[What is needed]: Up to and including the line containing "3-VINTAGE GOLD TONED", set down each line of the entries below exactly, starting from the first, and leave out the rest.

Dataset excerpts

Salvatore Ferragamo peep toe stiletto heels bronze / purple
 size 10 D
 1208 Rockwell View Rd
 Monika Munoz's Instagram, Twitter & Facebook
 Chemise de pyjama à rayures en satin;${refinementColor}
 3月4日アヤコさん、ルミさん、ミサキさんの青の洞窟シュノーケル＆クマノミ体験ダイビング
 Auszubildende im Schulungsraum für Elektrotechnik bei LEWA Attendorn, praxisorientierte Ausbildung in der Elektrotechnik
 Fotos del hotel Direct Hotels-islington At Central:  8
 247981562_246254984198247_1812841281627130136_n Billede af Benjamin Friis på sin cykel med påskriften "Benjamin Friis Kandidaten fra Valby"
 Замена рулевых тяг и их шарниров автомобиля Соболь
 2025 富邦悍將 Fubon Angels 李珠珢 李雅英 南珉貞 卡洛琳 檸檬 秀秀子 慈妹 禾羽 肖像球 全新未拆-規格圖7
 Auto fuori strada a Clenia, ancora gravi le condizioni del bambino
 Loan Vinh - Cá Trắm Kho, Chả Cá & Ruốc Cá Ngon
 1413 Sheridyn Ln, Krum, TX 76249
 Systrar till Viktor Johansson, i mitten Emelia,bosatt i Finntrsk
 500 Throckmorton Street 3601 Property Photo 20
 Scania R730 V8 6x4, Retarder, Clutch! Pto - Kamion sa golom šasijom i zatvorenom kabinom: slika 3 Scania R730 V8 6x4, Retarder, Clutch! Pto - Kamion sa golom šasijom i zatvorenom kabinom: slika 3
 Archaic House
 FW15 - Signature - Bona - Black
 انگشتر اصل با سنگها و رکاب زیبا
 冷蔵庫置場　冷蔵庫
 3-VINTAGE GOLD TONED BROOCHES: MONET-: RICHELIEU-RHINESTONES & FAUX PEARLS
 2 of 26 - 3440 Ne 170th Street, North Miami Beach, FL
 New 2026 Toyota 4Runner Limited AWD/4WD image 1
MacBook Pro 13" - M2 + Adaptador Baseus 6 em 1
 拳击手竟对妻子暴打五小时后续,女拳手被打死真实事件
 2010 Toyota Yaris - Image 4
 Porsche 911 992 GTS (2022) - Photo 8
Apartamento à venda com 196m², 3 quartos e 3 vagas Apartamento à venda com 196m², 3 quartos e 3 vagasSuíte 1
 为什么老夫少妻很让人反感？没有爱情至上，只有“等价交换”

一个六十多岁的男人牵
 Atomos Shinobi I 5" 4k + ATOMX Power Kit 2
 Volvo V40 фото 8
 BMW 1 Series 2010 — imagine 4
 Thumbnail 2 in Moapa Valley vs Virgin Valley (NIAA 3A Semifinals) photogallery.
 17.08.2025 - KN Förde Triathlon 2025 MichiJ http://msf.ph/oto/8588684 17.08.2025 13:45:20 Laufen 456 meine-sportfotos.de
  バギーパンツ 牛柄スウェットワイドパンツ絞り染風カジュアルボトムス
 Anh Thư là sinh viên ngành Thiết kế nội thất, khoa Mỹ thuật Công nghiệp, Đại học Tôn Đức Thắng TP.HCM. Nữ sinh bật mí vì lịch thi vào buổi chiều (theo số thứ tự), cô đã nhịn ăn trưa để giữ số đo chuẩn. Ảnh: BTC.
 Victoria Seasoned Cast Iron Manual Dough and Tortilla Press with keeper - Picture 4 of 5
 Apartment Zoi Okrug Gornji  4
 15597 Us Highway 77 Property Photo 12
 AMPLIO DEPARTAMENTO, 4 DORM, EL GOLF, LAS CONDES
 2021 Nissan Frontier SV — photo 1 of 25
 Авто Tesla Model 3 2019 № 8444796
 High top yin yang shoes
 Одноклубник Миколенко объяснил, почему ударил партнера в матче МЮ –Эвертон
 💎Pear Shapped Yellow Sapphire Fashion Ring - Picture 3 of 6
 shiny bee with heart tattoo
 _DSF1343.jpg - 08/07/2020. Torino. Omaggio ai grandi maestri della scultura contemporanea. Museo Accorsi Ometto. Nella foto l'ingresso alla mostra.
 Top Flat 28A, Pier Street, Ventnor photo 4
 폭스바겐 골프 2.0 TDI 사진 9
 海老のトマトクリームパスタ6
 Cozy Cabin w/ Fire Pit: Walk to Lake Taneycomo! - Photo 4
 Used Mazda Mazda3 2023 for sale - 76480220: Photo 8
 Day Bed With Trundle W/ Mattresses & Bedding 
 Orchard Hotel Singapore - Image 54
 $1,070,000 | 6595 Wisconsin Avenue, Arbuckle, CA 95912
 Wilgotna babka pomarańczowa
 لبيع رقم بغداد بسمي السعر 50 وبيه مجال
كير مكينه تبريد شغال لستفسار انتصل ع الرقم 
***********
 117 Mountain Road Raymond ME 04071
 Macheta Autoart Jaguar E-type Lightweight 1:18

[Task solution]:
Salvatore Ferragamo peep toe stiletto heels bronze / purple
 size 10 D
 1208 Rockwell View Rd
 Monika Munoz's Instagram, Twitter & Facebook
 Chemise de pyjama à rayures en satin;${refinementColor}
 3月4日アヤコさん、ルミさん、ミサキさんの青の洞窟シュノーケル＆クマノミ体験ダイビング
 Auszubildende im Schulungsraum für Elektrotechnik bei LEWA Attendorn, praxisorientierte Ausbildung in der Elektrotechnik
 Fotos del hotel Direct Hotels-islington At Central:  8
 247981562_246254984198247_1812841281627130136_n Billede af Benjamin Friis på sin cykel med påskriften "Benjamin Friis Kandidaten fra Valby"
 Замена рулевых тяг и их шарниров автомобиля Соболь
 2025 富邦悍將 Fubon Angels 李珠珢 李雅英 南珉貞 卡洛琳 檸檬 秀秀子 慈妹 禾羽 肖像球 全新未拆-規格圖7
 Auto fuori strada a Clenia, ancora gravi le condizioni del bambino
 Loan Vinh - Cá Trắm Kho, Chả Cá & Ruốc Cá Ngon
 1413 Sheridyn Ln, Krum, TX 76249
 Systrar till Viktor Johansson, i mitten Emelia,bosatt i Finntrsk
 500 Throckmorton Street 3601 Property Photo 20
 Scania R730 V8 6x4, Retarder, Clutch! Pto - Kamion sa golom šasijom i zatvorenom kabinom: slika 3 Scania R730 V8 6x4, Retarder, Clutch! Pto - Kamion sa golom šasijom i zatvorenom kabinom: slika 3
 Archaic House
 FW15 - Signature - Bona - Black
 انگشتر اصل با سنگها و رکاب زیبا
 冷蔵庫置場　冷蔵庫
 3-VINTAGE GOLD TONED BROOCHES: MONET-: RICHELIEU-RHINESTONES & FAUX PEARLS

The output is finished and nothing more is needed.